Return each line of the listing below, unchanged, and omit the images.

[[ Data extract open ]]

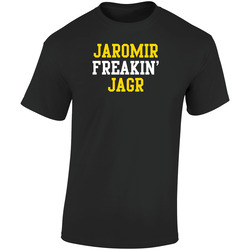Jaromir Freakin Jagr Pittsburgh Hockey Player Sports Fan Retro Graphic Unisex Soft Cotton Black T Shirt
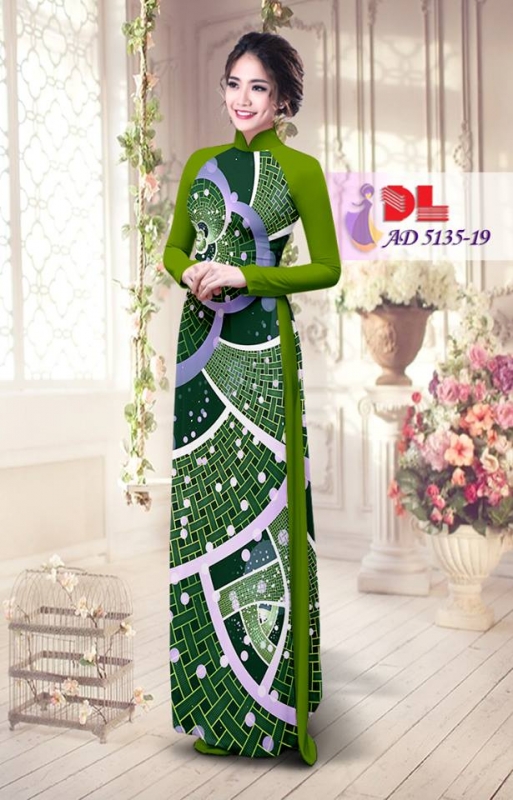 Vải áo dài lập thể
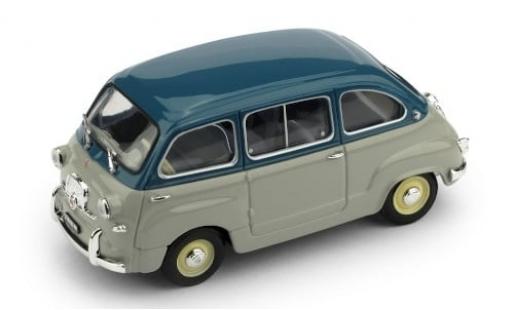 Fiat 600 1/43 Brumm Multipla Berlina Serie 1a blau/grau 1956 1:43 modellino in miniatura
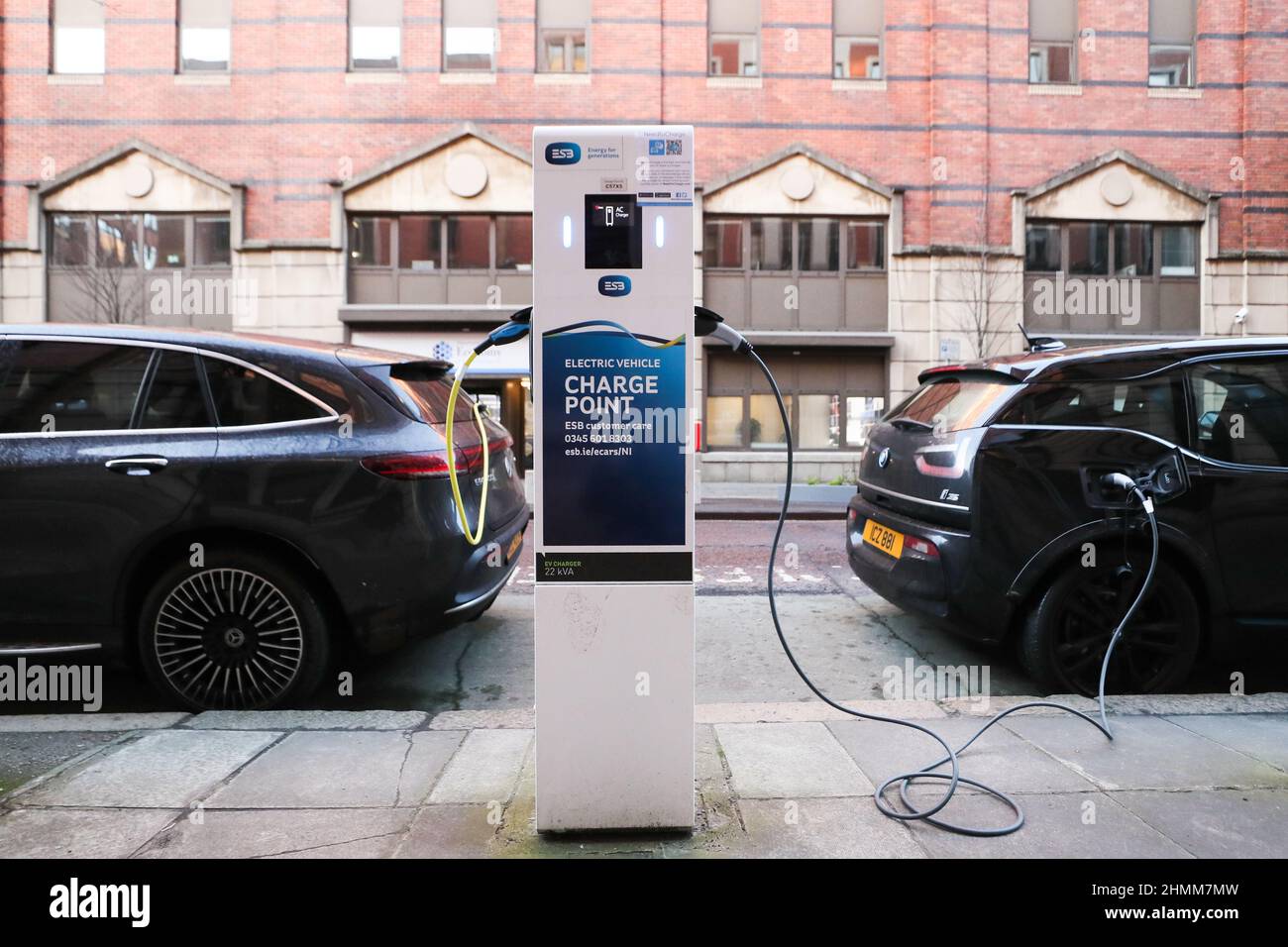 Electric car charging station and points in Belfast, Northern Ireland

[[ Data extract closed ]]

**Response area**
Jaromir Freakin Jagr Pittsburgh Hockey Player Sports Fan Retro Graphic Unisex Soft Cotton Black T Shirt
 Vải áo dài lập thể
 Fiat 600 1/43 Brumm Multipla Berlina Serie 1a blau/grau 1956 1:43 modellino in miniatura
 Electric car charging station and points in Belfast, Northern Ireland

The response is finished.